In spite of its flaws—and if anyone says there is such a thing as a flawless government program ask them what they’ve been smoking—Constellation balanced the technological, political, and legal realities of today’s government environment. The new program is the product of a philosophy that, while it may be promising in the very long term, is simply not ready for prime time.
If the Moon program could be described as belonging to the 20th century, the NewSpace industry is beginning to look as if they belong to the 18th century. Like French courtiers wandering the halls of Versailles looking for a favor from the King, individuals who used to be regarded as brave entrepreneurs will now haunt the corridors of power looking for a subsidy or an earmark. They will prove their technical expertise by writing proposals that are perfectly adapted to the prevailing bureaucratic winds. It may be good business, but it does not have much to do with 21st century market capitalism.
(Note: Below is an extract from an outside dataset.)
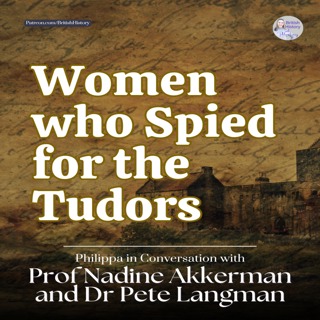 Unveiling the Invisible: Women in Espionage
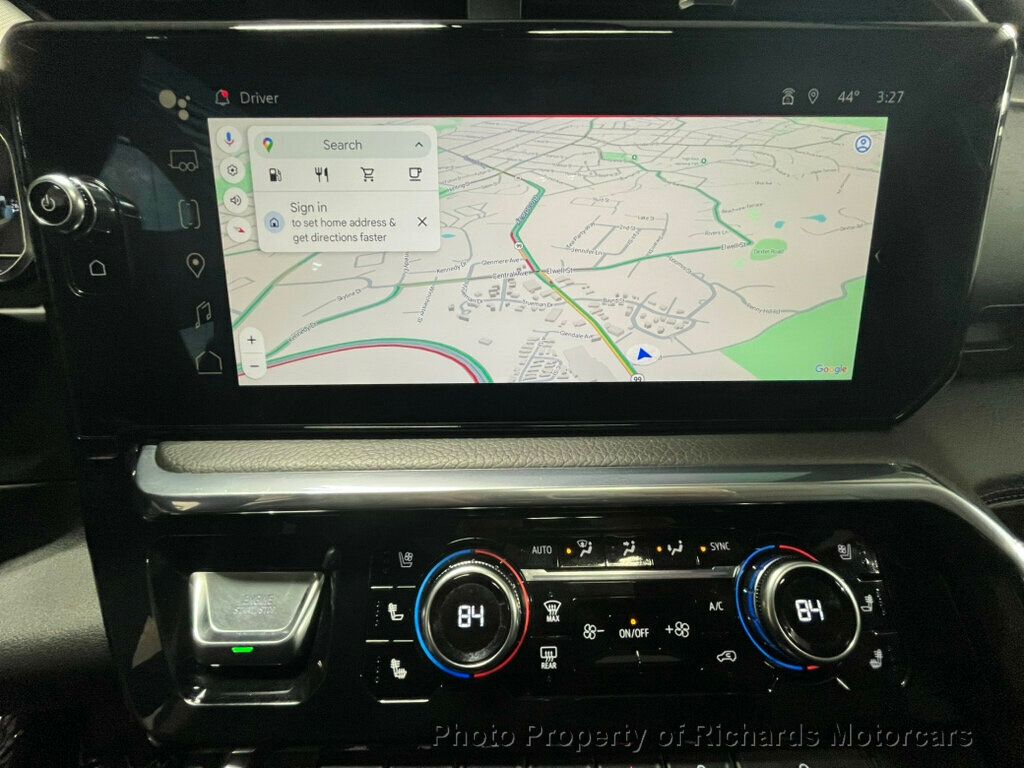 2024 GMC Sierra 2500HD  - 22955679 - 30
Now that the NewSpace industry is in a direct fight with the powerful members of Congress they may find that in spite of support from NASA’s leadership, they lack the political strength overcome the opposition. If the men and women who sit on the appropriations committees feel their interests and even their political survival are threatened, they will strike back, and strike back hard. Some firms that have no government contracts will be immune to this backlash, but others, particularly the small and medium-sized ones that depend on SBIRs, will be vulnerable to the appropriators’ scalpel.
The poster child for NewSpace, SpaceX, which once had a number of military launch deals, may find them harder to come by at least in the near future. Since the USAF switched the TacSat missions away from the Hawthorne, California, firm, probably due to the delay’s involved with Falcon, it is hard to see them giving the company more business until it has a much better track record than it does now. It will also be fairly easy to paint NewSpace CEOs as “rent seekers”. Elon Musk’s ability at another company, Tesla, to collect government subsidies for selling very expensive luxury cars to millionaires should raise more than a few eyebrows.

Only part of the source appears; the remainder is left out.